Aujourd'hui, j'avais décidé de regarder Les Parapluies de Cherbourg, œuvre célèbre et singulière que je n'avais jamais eu l'occasion d'appréhender. J'apprécie l'opéra-bouffe, l'opérette, et encore hier je me suis délecté de l'interprétation de Mary Poppins de 1964, la voix pure de Julie Andrews me faisait jongler entre le sourire béat et les larmes d'un enfant que Walt Disney connaissait mieux que quiconque. Mais revenons à nos parapluies…
Cette esthétique soignée, aux plans calculés, aux couleurs saturées, vives, et l'orchestration jazz léchée, cuivrée, entraînante… et puis…
Et puis en fait, les minutes passèrent, et commencèrent à s'éterniser.
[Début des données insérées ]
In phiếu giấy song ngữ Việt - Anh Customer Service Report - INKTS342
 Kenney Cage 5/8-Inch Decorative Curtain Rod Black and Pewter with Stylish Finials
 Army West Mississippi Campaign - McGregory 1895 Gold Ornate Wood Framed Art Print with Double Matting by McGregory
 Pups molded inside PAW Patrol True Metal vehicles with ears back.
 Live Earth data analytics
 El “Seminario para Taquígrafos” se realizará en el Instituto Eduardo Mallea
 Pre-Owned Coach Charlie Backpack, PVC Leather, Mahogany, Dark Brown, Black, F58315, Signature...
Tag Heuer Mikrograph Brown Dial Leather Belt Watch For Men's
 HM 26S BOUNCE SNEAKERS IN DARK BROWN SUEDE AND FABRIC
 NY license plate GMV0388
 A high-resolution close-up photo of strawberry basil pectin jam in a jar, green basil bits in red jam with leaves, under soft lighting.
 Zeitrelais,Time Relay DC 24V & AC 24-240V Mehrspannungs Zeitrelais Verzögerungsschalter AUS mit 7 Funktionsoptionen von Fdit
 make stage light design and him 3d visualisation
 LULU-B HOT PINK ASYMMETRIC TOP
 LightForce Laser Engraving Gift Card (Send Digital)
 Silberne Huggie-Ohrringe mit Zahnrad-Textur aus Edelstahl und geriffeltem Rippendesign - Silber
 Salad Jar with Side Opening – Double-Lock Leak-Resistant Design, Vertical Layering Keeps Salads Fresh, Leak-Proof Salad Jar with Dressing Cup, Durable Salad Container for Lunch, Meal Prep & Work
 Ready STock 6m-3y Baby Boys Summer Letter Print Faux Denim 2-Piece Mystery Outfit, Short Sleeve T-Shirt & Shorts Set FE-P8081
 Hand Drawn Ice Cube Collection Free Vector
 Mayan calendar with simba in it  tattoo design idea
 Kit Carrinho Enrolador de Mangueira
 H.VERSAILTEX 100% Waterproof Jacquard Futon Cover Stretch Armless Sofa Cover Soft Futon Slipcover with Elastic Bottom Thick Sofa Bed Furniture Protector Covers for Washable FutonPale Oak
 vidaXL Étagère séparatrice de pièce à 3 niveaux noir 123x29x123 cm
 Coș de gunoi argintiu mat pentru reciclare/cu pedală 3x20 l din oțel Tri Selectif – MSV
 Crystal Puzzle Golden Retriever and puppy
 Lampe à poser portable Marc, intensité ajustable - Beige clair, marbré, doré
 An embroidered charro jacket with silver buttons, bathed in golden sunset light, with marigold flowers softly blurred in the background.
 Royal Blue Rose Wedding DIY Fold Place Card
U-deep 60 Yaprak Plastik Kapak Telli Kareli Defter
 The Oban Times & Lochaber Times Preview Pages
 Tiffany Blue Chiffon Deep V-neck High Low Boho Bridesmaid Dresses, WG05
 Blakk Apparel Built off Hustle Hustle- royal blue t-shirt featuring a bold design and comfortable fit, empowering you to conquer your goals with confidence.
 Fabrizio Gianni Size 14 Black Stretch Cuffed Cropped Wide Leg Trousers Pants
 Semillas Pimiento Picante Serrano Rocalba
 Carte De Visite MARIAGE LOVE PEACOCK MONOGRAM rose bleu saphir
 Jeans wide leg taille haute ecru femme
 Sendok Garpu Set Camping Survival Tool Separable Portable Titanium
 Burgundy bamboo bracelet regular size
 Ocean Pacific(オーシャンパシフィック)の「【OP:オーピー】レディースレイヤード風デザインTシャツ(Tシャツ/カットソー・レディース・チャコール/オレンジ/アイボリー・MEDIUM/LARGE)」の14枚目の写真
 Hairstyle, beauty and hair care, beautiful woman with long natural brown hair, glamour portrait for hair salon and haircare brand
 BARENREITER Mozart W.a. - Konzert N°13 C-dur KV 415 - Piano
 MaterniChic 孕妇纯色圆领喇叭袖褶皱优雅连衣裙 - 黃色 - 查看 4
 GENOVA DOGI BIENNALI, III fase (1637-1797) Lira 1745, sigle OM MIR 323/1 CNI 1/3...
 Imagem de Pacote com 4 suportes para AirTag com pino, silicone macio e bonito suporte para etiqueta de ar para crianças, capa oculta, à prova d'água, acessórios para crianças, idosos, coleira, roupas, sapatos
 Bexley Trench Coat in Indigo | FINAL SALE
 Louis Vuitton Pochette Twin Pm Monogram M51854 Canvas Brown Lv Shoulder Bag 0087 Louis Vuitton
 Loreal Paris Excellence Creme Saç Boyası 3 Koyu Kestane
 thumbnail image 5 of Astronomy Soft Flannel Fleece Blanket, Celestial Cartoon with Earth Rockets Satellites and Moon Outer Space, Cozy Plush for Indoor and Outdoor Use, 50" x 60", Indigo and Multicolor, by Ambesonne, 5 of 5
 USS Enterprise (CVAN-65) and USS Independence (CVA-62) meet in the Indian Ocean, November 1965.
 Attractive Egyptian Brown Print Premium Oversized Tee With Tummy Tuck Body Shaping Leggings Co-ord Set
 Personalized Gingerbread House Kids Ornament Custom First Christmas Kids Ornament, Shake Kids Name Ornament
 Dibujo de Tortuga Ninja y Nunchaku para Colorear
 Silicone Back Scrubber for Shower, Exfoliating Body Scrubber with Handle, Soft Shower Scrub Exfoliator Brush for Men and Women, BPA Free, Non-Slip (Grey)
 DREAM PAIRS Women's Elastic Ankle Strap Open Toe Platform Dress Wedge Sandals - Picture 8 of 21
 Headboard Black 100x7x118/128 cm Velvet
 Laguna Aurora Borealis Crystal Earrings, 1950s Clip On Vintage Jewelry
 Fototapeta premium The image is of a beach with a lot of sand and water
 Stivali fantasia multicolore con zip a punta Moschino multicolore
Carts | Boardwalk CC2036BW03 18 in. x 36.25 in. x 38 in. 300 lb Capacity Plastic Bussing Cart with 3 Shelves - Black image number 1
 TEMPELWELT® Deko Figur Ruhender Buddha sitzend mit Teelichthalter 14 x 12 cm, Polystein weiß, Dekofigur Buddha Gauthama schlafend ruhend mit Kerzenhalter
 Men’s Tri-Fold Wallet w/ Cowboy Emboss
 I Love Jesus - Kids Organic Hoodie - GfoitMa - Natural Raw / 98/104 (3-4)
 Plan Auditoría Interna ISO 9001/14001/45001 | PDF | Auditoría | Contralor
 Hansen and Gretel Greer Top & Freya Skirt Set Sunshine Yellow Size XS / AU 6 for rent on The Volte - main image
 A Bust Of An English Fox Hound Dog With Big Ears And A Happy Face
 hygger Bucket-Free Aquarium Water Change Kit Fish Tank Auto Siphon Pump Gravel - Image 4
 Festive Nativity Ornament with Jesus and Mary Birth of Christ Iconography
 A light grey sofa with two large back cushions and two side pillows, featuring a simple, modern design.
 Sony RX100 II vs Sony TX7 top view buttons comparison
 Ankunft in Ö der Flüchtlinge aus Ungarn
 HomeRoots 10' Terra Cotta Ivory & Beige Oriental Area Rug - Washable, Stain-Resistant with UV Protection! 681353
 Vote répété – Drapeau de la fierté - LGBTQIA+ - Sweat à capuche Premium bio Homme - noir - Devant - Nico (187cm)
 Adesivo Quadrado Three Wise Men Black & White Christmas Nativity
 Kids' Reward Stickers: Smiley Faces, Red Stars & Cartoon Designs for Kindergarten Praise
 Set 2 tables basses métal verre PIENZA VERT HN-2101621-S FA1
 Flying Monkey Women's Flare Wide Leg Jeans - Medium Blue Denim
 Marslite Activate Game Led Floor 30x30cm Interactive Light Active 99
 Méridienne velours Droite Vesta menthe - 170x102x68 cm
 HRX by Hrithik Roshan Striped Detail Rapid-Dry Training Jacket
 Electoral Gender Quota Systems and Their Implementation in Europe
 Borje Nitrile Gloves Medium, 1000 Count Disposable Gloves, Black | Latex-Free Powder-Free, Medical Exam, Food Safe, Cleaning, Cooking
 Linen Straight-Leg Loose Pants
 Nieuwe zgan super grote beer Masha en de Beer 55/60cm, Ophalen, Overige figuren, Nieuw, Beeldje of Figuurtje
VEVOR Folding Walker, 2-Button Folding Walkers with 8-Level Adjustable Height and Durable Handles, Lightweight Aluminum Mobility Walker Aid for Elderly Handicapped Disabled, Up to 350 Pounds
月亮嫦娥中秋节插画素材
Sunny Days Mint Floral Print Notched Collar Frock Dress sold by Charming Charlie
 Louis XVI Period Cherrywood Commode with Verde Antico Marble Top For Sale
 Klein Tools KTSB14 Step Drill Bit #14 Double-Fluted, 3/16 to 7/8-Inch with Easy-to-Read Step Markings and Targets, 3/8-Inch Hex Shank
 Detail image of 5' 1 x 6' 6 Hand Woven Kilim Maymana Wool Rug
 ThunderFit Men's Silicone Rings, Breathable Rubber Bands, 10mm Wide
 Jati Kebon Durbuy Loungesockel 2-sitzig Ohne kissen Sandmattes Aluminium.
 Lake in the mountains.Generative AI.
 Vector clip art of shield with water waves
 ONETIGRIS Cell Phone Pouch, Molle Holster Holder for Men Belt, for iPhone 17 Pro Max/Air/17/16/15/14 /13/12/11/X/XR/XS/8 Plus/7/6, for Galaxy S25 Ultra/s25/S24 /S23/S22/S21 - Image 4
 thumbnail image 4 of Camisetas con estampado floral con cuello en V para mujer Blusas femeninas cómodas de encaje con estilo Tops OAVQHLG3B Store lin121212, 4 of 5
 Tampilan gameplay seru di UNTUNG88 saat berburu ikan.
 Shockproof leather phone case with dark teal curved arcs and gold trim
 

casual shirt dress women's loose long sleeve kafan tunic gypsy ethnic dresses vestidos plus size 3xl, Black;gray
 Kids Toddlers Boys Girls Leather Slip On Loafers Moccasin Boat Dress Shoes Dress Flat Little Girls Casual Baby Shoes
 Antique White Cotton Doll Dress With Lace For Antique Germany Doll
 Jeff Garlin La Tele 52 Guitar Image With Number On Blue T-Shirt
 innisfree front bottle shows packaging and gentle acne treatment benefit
Il ne faisait plus aucun doute que les dialogues, sans rimes ni rythme, furent disposés au hasard sur la partition, à la manière d'une toile de Jackson Pollock, laissant à la providence le soin de constituer l'harmonie. Bien que tout soit entièrement postsynchronisé, les protagonistes entonnent sur un air bien à eux, une mélodie discordante sans que l'on puisse déceler la moindre connivence avec la bande sonore sur laquelle ils évoluent. En parlant de cette dernière, elle est également insensible au contexte, comme si le compositeur ignorait à son tour le sens des paroles qu'il avait pris plus ou moins le soin d'orchestrer… mais il n'est pas le seul. Car, et c'est là l'ultime douleur, les acteurs eux-mêmes paraissent n'avoir qu'une très vague idée de ce qu'ils vocalisent, ne prenant même pas de respiration entre les lignes de leurs dialogues sirupeux.
Las, l'hypothèse qui m'apparut la plus claire est qu'ils aient appris phonétiquement leur texte, à l'aide d'un tourne-disque dont la courroie n’était plus de la première jeunesse.
Jackson Pollock jouit ici d'un fort bel avantage, que l'on apprécie ou non son art, c'est que ses œuvres, elles, ne cassent pas les oreilles.
Au sujet de la note, je lui ai attribué 5 étoiles, car le pari était très osé, l'accompagnement musical est de grande qualité et la qualité visuelle est bel et bien là, les plans sont travaillés, les couleurs sont vives, les décors très jolis. Tout ceci est très séduisant à mes yeux et mes oreilles, et j'apprécie la prise de risque. Mais ça ne fait pas tout… autant dire que sans ça, il aurait écopé de deux étoiles, voire d'une seule.